Too Tall? Harbourfront Centre to host discussion on skyscrapers on Wednesday

Toronto’s Harbourfront Centre has announced a panel discussion on the issues relating to the architecture exhibition currently on show, entitled Too Tall? This free event takes place on Wednesday, November 2, 2011 from 7:00pm to 8:30pm in the Brigantine Room.

Based on the exhibition Too Tall?, which is currently showing at York Quay Centre, the panel discussion will delve into the issues surrounding vertical architecture: How should appropriate building height be determined within the city? Does “tall” matter if the streetscape is successful? How can Toronto neighbourhoods be redefined vertically? As Toronto currently is building more skyscrapers than any other city in North America, how we tackle these questions is essential.

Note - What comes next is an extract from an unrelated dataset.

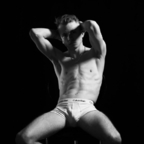 Onlyfans leak liamgrosss 

 profile picture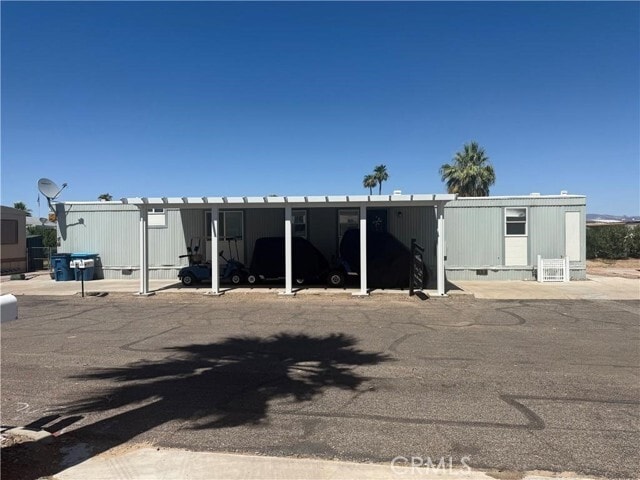 Building Photo - 670 Channel Way Rental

This explorative conversation, moderated by Misha Glouberman, host of Trampoline Hall, will feature Peter Clewes (architectsAlliance), Bruce Kuwabara (Kuwabara Payne McKenna Blumberg Architects), and Richard Witt (RAW), all of whom are participants in the exhibition. They will be joined by journalist and New York City-based urban critic Roberta Brandes Gratz.

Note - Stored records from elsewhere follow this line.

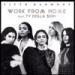 Download mp3 Terbaru Fifth Harmony - Work From Home Feat. Ty Dolla $ign free - zLagu.Net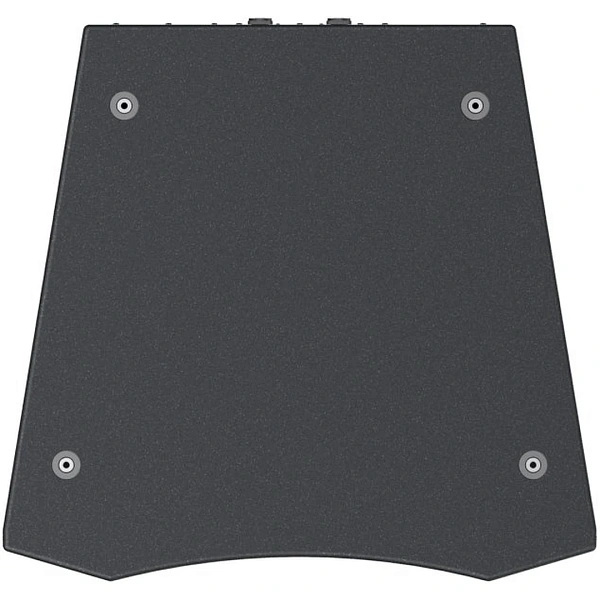 Пассивная акустическая система Bose LT 9403 (Black)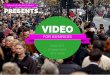 Video for Business: Build SEO, Engagement and Sales!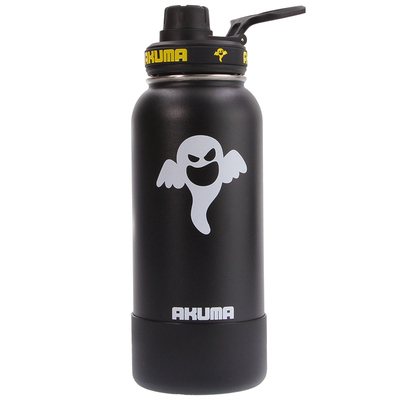 澳洲SPEQT 经典高颜值保温杯1000ml保冷水杯男女生大容量保温便携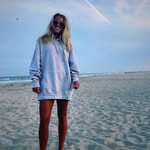 Kellie McCarthy - @kelliemccarthyy - Instagram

For additional information and complete event listings, the public may visit http://www.harbourfrontcentre.com/visualarts/2011/architecture-special-event-too-tall-panel-discussion/ or call the Information Hotline at 416.973.4000. Harbourfront Centre is located at 235 Queens Quay West, at the heart of downtown Toronto’s waterfront.

Visual Arts at Harbourfront Centre is a unique model for the presentation of emergent creative practice in Canada. It is a new paradigm for engagement between the public and art, inviting a broad audience to participate in a discourse of visual ideas. As part of Canada’s largest multidisciplinary arts complex, its position allows for the creation of new frameworks and anticipation of new directions.

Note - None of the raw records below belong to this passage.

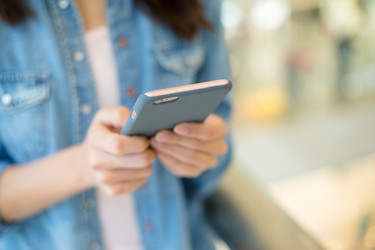 Similar image 11851912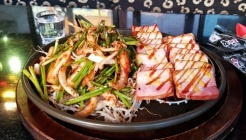 술선생잭 매장 이미지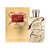RASASI HAWAS LAVA GOLD FOR HIM 3.38 EDP (M)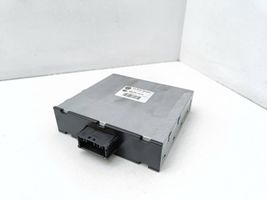 BMW 3 E90 E91 Convertitore di tensione inverter 9127088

The architecture gallery is one of 10 non-profit and non-collecting multidisciplinary exhibition spaces varying from the conventional to the unique that are programmed year-round. For each exhibition, the gallery collaborates with three invited architecture firms and one visual artist to investigate a proposed idea through installations created in a diverse range of media. The three exhibitions programmed each year are structured as debates, dialogues and challenges among exhibiting firms.

The objective of architecture programming at Harbourfront Centre is to present exhibitions and events which will address contemporary issues relating to architecture for peers as well as the broadest general audience.